Pero ¿acaso podía permitirse el lujo de no rendirse? Apretó los dientes y crispó los puños sobre la mesa. ¿Y su tripulación? No podía someterlos a una deriva perpetua bajo la promesa, quizá ilusoria, de hallar una rada más benévola en la que atracar. Podría ser que esta no llegase nunca y los cantos de sirenas no hiciesen sino precipitarlos hacia escollos en los que zozobrar. ¿Qué derecho tenía él a exponerlos de aquel modo? ¿Por qué habrían de pagar ellos por su tozudez y su orgullo? Y si, pese a todo, así fuera, ¿cuánto tiempo lograría mantener la impostura que ocultase su total ausencia de certeza en arribar a buen puerto?

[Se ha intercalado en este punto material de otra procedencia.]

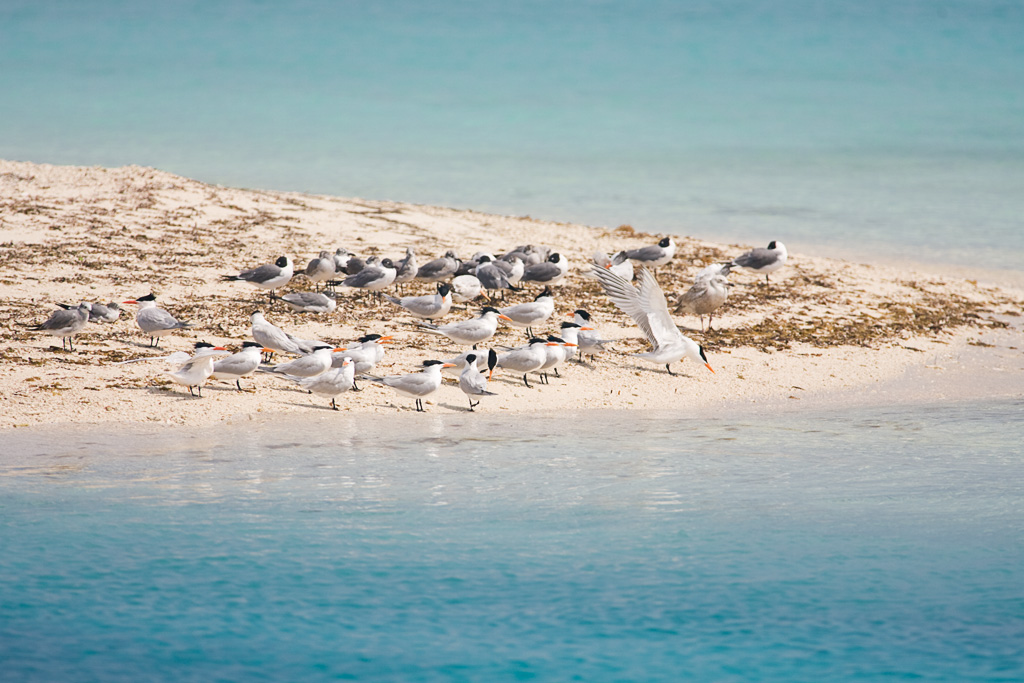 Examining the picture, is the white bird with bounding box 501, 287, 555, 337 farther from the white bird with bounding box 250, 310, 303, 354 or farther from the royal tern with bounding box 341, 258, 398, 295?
the white bird with bounding box 250, 310, 303, 354

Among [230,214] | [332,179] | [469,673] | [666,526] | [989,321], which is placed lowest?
[469,673]


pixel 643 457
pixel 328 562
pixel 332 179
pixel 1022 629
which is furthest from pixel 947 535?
pixel 332 179

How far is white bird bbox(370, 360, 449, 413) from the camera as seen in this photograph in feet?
28.7

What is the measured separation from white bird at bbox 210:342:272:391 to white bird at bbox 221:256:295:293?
2571 millimetres

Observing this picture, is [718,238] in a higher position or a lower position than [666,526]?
higher

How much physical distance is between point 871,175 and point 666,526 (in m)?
28.3

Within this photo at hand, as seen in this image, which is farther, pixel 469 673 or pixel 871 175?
pixel 871 175

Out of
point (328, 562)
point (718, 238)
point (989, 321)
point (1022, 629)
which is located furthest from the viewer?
point (718, 238)

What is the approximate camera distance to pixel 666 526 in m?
6.01

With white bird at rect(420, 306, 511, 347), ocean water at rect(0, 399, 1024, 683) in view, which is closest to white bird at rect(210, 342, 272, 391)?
ocean water at rect(0, 399, 1024, 683)

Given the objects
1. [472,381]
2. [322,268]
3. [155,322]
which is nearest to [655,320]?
[472,381]

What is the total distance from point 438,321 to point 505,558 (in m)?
5.88

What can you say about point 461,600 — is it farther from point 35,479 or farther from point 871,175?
point 871,175

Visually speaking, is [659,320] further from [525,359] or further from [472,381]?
[472,381] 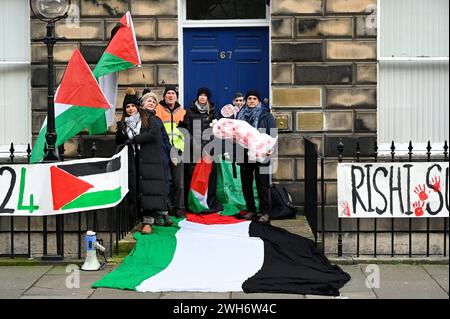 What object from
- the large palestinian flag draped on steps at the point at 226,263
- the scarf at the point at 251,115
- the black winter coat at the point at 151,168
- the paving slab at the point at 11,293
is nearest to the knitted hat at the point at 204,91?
the scarf at the point at 251,115

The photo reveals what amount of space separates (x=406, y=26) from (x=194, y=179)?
3.98 meters

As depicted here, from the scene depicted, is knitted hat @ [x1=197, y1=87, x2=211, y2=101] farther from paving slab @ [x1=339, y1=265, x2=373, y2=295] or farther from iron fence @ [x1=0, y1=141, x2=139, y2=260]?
paving slab @ [x1=339, y1=265, x2=373, y2=295]

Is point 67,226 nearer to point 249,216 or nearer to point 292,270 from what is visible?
point 249,216

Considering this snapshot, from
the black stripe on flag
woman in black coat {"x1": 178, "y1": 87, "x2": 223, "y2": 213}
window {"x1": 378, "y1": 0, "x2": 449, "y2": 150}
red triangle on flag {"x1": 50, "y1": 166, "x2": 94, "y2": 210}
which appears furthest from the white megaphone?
window {"x1": 378, "y1": 0, "x2": 449, "y2": 150}

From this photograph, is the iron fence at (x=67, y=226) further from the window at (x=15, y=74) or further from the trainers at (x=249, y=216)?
the trainers at (x=249, y=216)

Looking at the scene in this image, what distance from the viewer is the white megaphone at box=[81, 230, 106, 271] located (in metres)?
10.3

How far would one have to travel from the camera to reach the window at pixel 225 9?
13.6 meters

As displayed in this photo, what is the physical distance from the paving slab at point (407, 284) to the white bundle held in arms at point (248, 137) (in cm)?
222

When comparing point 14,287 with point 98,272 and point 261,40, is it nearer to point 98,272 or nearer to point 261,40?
point 98,272

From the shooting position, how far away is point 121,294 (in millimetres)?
9172

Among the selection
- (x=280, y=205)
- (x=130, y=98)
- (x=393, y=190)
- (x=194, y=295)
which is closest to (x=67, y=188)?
(x=130, y=98)

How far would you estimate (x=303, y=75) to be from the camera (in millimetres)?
13078

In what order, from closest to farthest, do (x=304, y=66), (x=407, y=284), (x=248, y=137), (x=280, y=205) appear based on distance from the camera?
(x=407, y=284) → (x=248, y=137) → (x=280, y=205) → (x=304, y=66)

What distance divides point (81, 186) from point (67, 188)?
0.17 m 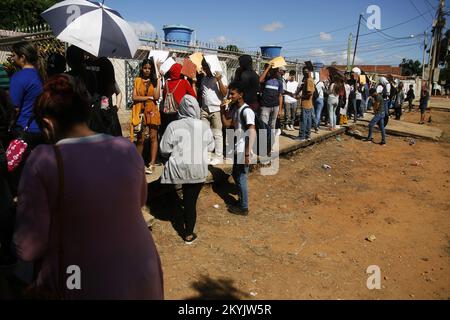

El capitán dudaba, dudaba como no había dudado nunca, como se duda cuando te encuentras en la necesidad de elegir un rumbo y ninguno de ellos es el deseado. Ocultó la cabeza entre las manos. Gotas de sudor se deslizaban por su nuca y corrían espalda abajo. Se sentía incapaz de tomar una decisión. Aquel maldito calor lo agotaba. Estaba sediento. Del otro lado de la puerta, el contramaestre golpeó suavemente con los nudillos para verificar que su superior se encontraba bien. Este replicó con una reafirmación seca y breve. No le apetecía ver a nadie. Sabía que lo abrumaría la confianza de los demás en que tomaría la decisión correcta. Por primera vez se dio cuenta de que el fin de la calma chicha lo atemorizaba casi tanto como su duración indeterminada. No había opción buena, en suma. Volvió a acordarse de los náufragos de los cristales rotos, en sus frágiles esquifes, y se preguntó si no sería posible también naufragar en seco, callada y estoicamente, manteniéndose en pie sobre el puente de mando pero sosteniendo una brújula sin aguja.